The advantages of OSGi is that it gives you runtime support for modularity. This allows you to do things like enforcing module relationships at runtime, deploy different versions of a module alongside each other, hot deploy modules to a running application, and enforce module encapsulation. These are all things that standard Java cannot do. At the end of Chapter 3 (download link for this chapter available below), I provide an example that demonstrates how you cannot enforce module encapsulation using standard Java. Then, I show how you can enforce module encapsulation using OSGi. Personally, it's one of my favorite examples. Other favorites of mine include the reference implementation in Chapter 7, the Manage Relationships sample code (inverting and eliminating relationships), the Acyclic Relationships sample code (escalation, demotion, callback)...Ok...I like several of the examples, including Part 3 where I show how to take a system that's designed using the patterns and port it to OSGi. It was just so easy to do and you realize the benefits immediately.
In general, runtime support for modularity makes it easier to design modular software since the runtime container enforces your design time constructs. To design modular software without a runtime container, you have to employ other tools (i.e., JarAnalyzer in the book) and techniques (i.e., Levelize Build) to enforce modularity. I'd argue that if you don't already have a modular application, you should focus your efforts on modularizing the application first. Then, start using OSGi.
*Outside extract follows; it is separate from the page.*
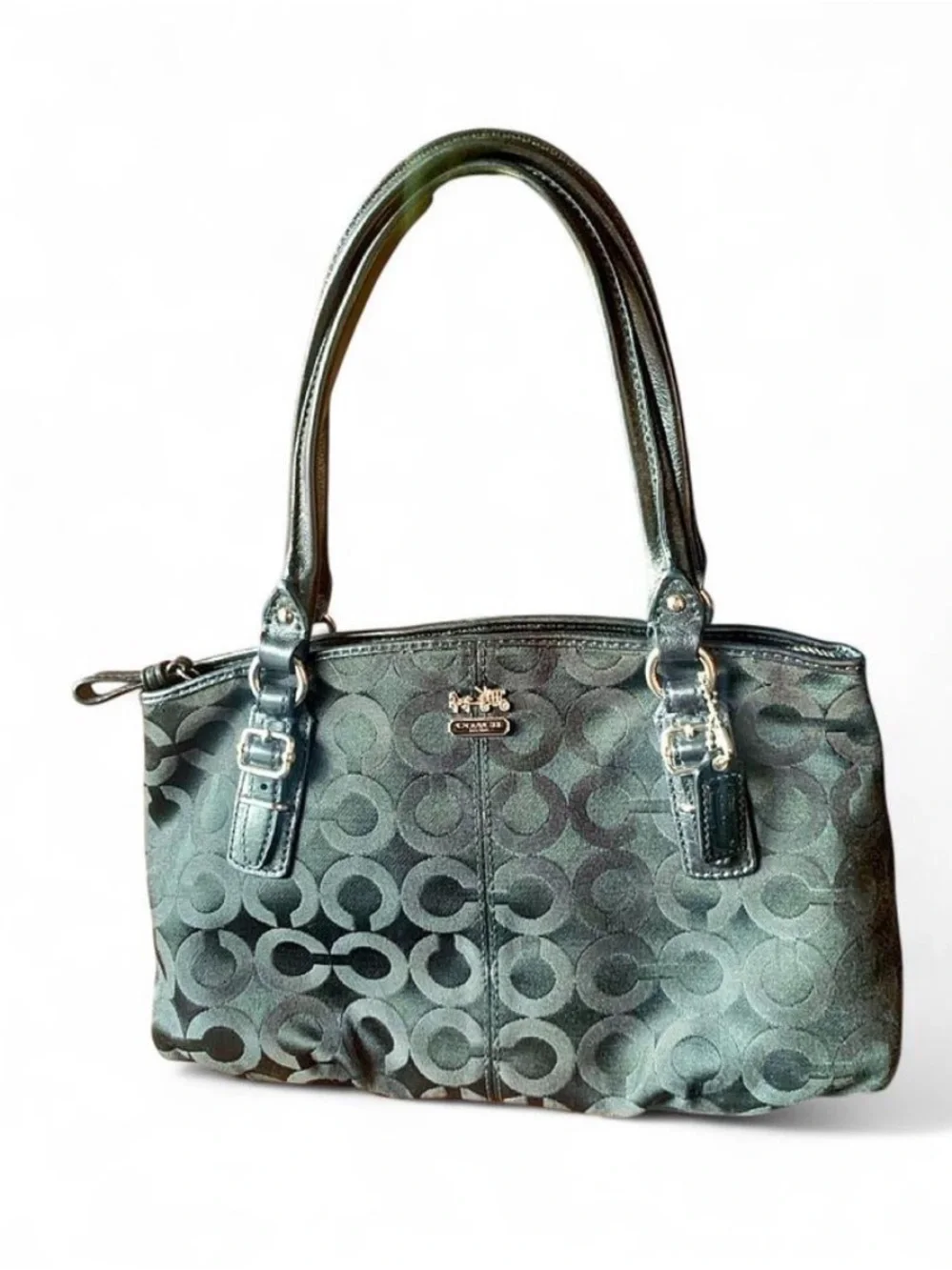 Vintage Coach Mia Op Art Signature Satchel Bag Black Teal Lining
Using OSGi if you don't have a modular application won't provide you all the benefits OSGi offers.
Visit the book's website at modularity.kirkk.com where you can review all 18 patterns and download an excerpt of the book. There is also a mobile web application available that you can take with you wherever you go.
Joined: Apr 23, 2008
Thank you, Kirk.
Those all things are very interesting and you have awakened my curiosity about OSGi and what it can provide to my job.